We have recently further enhanced our cutting edge imaging technology with the addition of a new 64-Slice Dose Modulated Computed Tomography (CT) machine that performs a wide range of clinical tasks from routine procedures to advanced clinical applications.
During the Exam
During the CT scan, the patient will be asked to rest motionless on a padded table. The table moves as the images are obtained and most scans are completed within 30 seconds. The patient will hear faint humming and clicking sounds. It is important to lay still to not compromise image quality. Sometimes because of breathing or motion inside the body additional images are needed. Additional images do not mean there is a problem.

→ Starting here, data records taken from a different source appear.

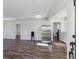 An open-concept space featuring wood floors, neutral walls, and a view to the kitchen and the laundry at 4401 W Mississippi Ave, Denver, CO 80219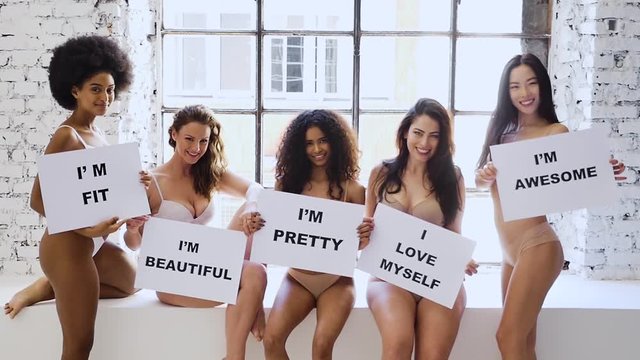 Group of multi ethnic women with different kind of beauty and body, posing and having fun in a studio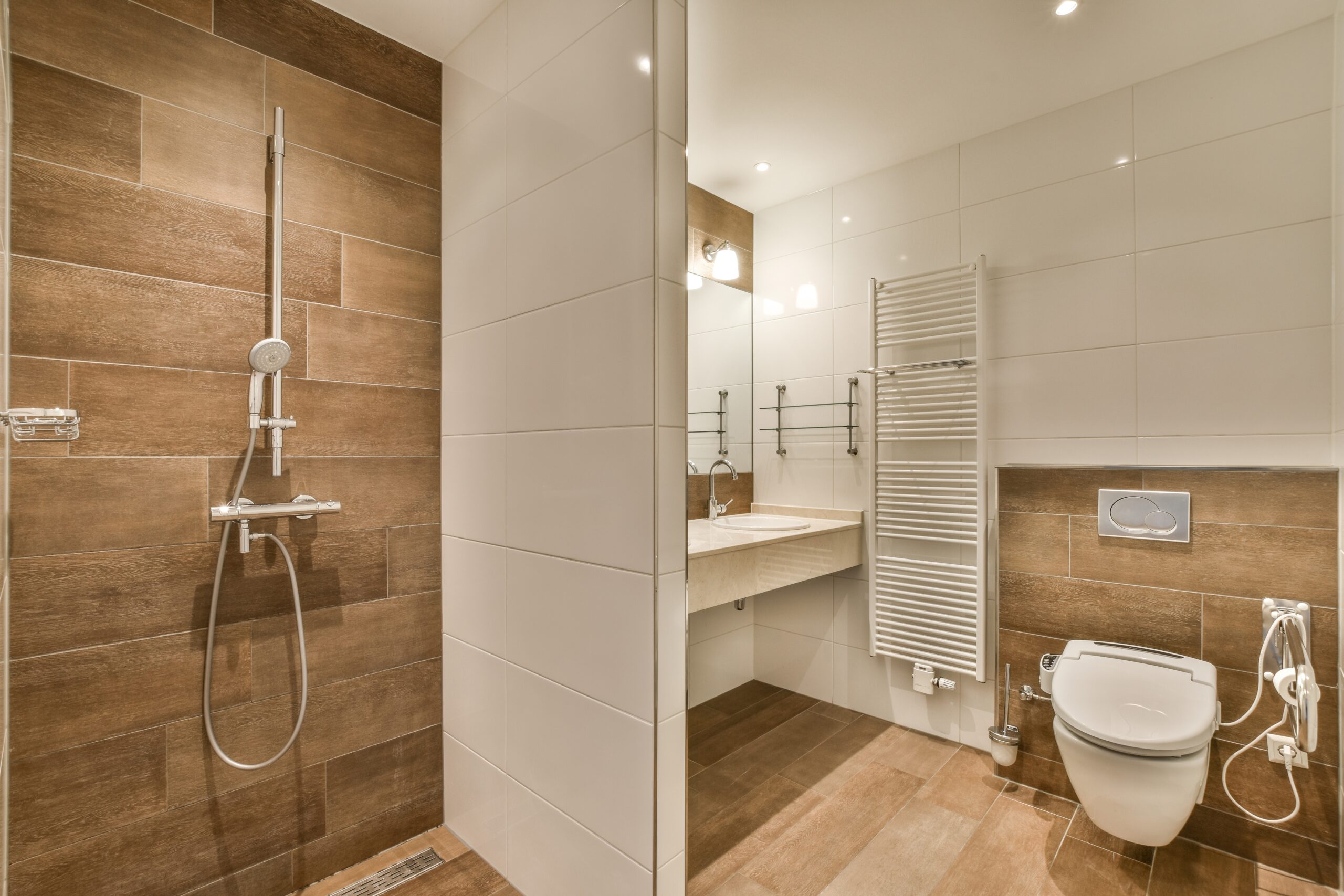 A,Modern,Bathroom,With,Wood,Flooring,And,White,Tiles,On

Depending on the part of the body being scanned, different contrast materials are used. Contrast materials are administered either orally or via intravenous administration. Contrast is a liquid material that enhances the images of the organs and/or blood vessels.
Once the patient is positioned correctly, the technologist will leave the room to operate the CT machine from a workstation in a control room. During the CT exam, the technologist and patient can communicate at any time using an intercom. The technologist watches the patient during the study and monitors the progress of the image during the study.

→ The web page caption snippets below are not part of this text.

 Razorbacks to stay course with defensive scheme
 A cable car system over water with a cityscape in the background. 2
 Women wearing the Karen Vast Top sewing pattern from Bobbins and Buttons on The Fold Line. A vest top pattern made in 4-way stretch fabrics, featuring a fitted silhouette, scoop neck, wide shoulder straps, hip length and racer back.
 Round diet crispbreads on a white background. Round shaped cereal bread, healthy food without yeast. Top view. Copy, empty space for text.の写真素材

Patients should wear comfortable, loose-fitting clothing for their CT exam. Patients will be asked to remove any articles of clothing that may negatively affect the CT images such as belts, earrings, bras, glasses, dentures, and hairpins. Zippers and snaps common in many clothes can also negatively affect the image.
Patients having an exam with contrast should not have anything to eat or drink 4 hours prior to the exam.
Bloodwork is required prior to contrast exam for patients who are 60 years old or older or patients with diabetes, high blood pressure, or kidney disease
You will be given instructions on how to prepare for your specific scan when you call to schedule.